Se l’anno scorso si è discusso di umorismo ebraico, quest’anno è la volta quello british di Alan Bennett: oggi pomeriggio, in piazza del Luogo Pio, Ottavia Piccolo leggerà una spassosa «storia di antiquariato» dell’autore britannico. Altro filo rosso è, infatti, l’ironia e la burla d’artista, come le finte teste di Modigliani o gli «scherzi disseminati in alcune opere di Giotto, che oggi chiameremmo vignette».
Dalla satira non si scappa, insomma, ma è pro o contro le illustrazioni di Charlie Hebdo sui terremotati del Centro Italia? «Il giornale ha molto maramaldeggiato, tuttavia alla satira non vanno messi limiti ma delimitazioni. Il punto, cioè, è il contesto: “Il Male”, ad esempio, scrisse cose atroci, ma nessuno ai tempi osò scandalizzarsi. Il problema oggi si pone perché le vignette sono estrapolate dal contesto e pubblicate sui social network, o stampate sulla maglietta di un politico: allora il testo non è più di satira, ma diventa un messaggio violentissimo».
Patria della satira canagliesca e vernacolare, Livorno ha fortemente voluto il festival. È stata la Fondazione Livorno a cercarmi: ero titubante; portare una rassegna sul ridicolo nella città che si crede la più spiritosa d’Italia era una sfida, ma l’accoglienza è stata calorosa e l’esperienza stimolantissima. Credo che la comicità sia legata alla geografia, oltre che alla storia e alla cultura». Perciò oggi si confronteranno due guru dello spirito, nel senso di spiritoso: Mario Cardinali, fondatore de «Il Vernacoliere», e l’istrione mediatico Bruno Gambarotta nell’incontro “Senza Asti, né Livor”, Cardinali è livornese e Gambarotta astigiano.
Il «senso» cui allude il titolo della kermesse «è parola interessante, sia per il rimando alla sfera sensoriale, pre-razionale, sia, viceversa, per la sua eco razionalissima, cioè nell’accezione di “direzione”, ma anche di “scopo”. Il “senso del ridicolo” viene prima di altri concetti più strutturati come “ironia”, “umorismo”, “arguzia”...».

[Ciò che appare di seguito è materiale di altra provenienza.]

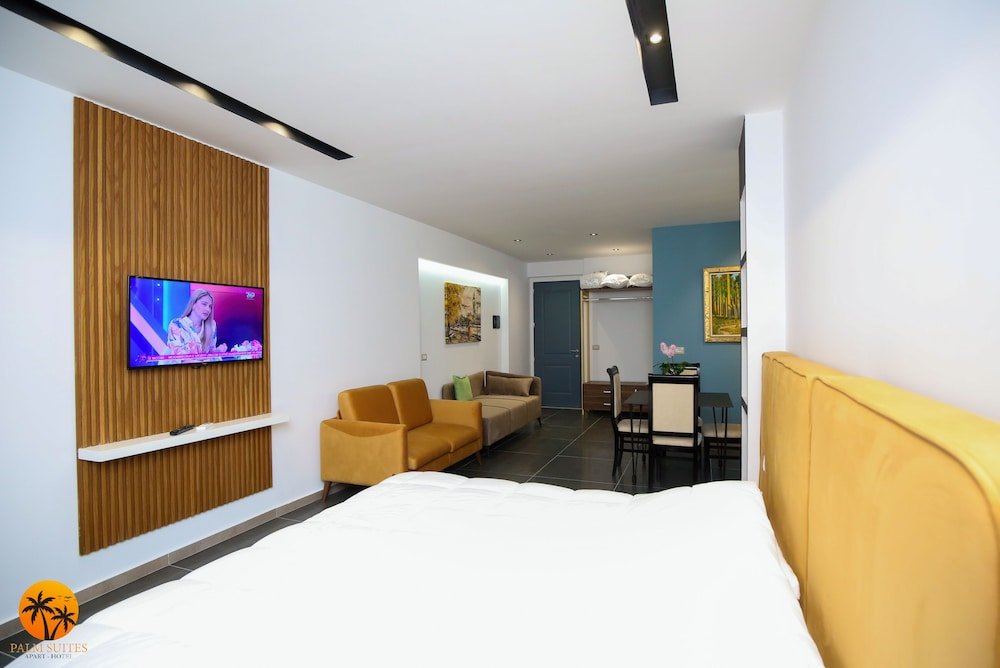 Люкс Deluxe beachfront Palm Suites Apartment-Suite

Ma in che senso va la comicità oggi? «Oggi più che mai, è un’arma retorica potentissima, e non a caso la politica se ne serve: pensiamo alla campagna di Trump, che ha messo in ridicolo gli avversari, un po’ come da noi fa Grillo. Così si conquista la “pancia” del Paese, anziché persuaderlo con argomenti logico-razionali. Anche in privato ricorriamo all’ironia per cercare consenso spesso sortendo l’effetto contrario, di far ridere perché le nostre trovate non fanno affatto ridere: l’altra faccia della medaglia, insomma, è la tristezza nel renderci ridicoli. Viviamo in una società profondamente ridicola», conclude. Poi confessa: «Forse un festival sulla morte oggi sarebbe più divertente». Sì, da morir dal ridere.